Would you copy only the lines below, from the one containing "Atrial Arrhythmia Ablation" through the very last one, leaving the pictures out?

Dataset records
■ ■ ■ ■ ■
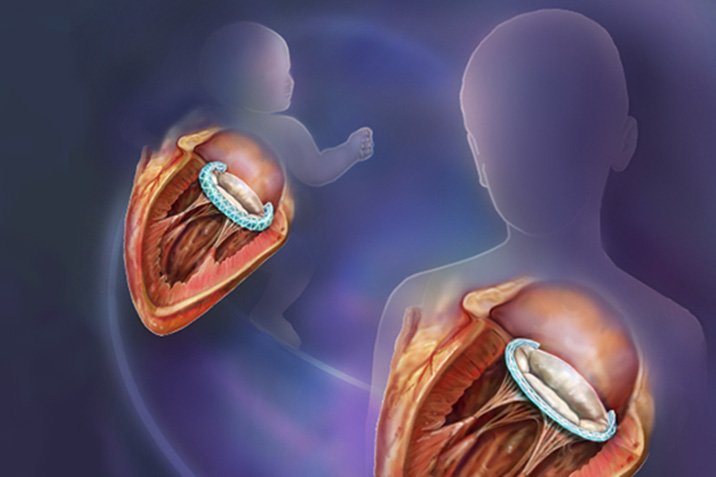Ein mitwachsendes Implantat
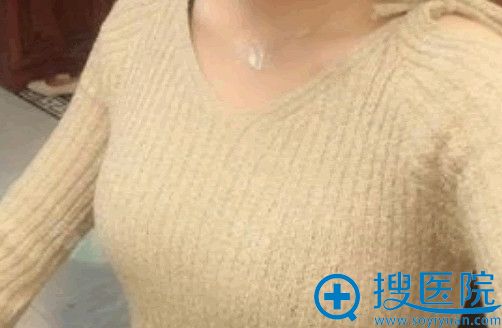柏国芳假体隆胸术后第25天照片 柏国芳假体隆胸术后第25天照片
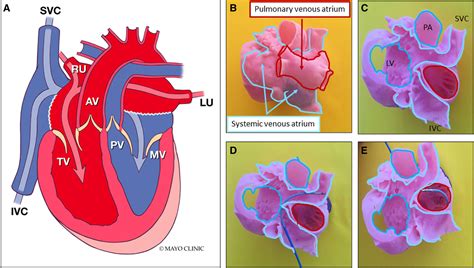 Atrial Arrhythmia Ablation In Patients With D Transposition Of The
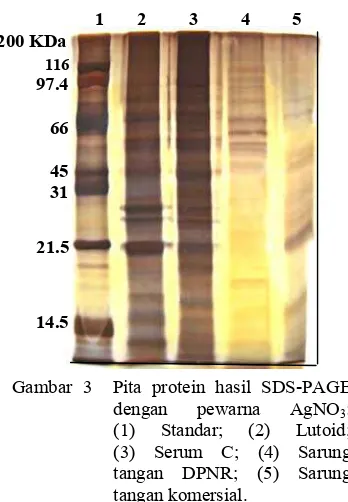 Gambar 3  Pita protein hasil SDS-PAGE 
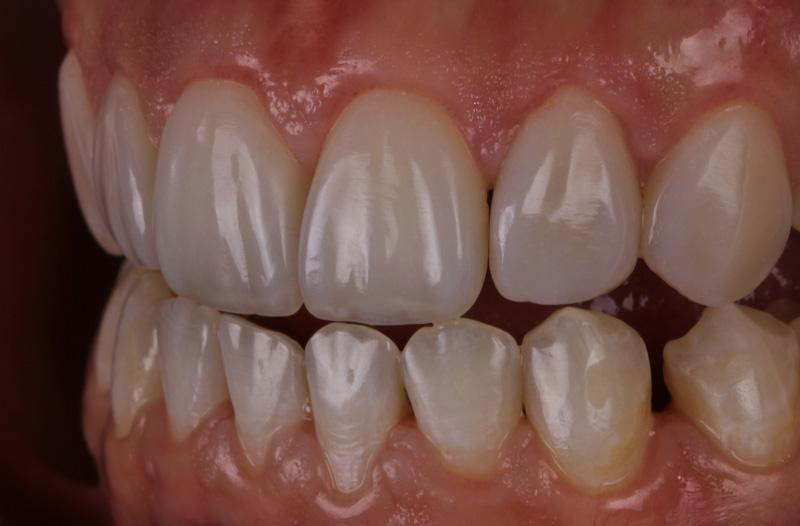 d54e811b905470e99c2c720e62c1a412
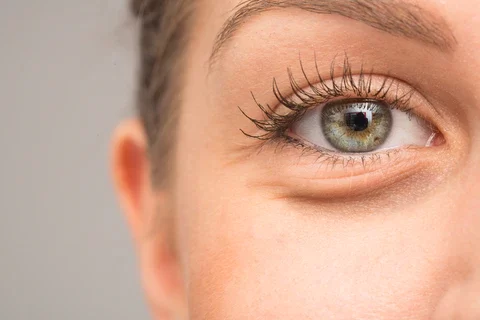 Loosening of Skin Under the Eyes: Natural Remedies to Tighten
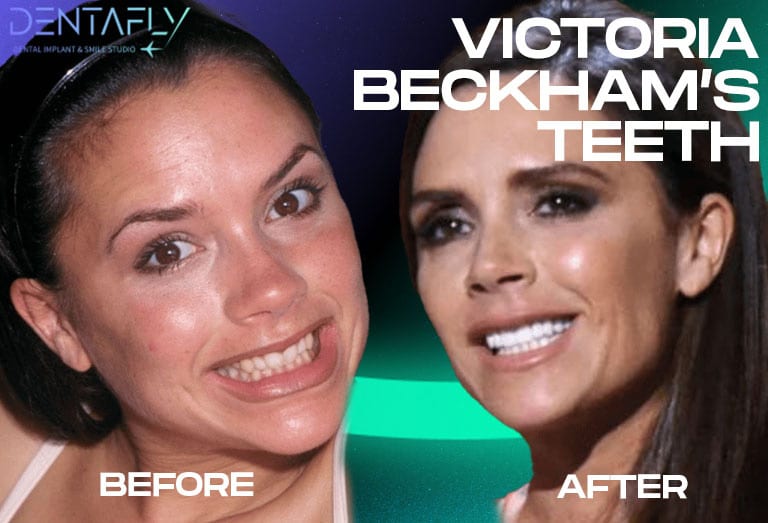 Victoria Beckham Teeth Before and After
■ ■ ■ ■ ■
### Answer box
 Atrial Arrhythmia Ablation In Patients With D Transposition Of The
 Gambar 3  Pita protein hasil SDS-PAGE 
 d54e811b905470e99c2c720e62c1a412
 Loosening of Skin Under the Eyes: Natural Remedies to Tighten
 Victoria Beckham Teeth Before and After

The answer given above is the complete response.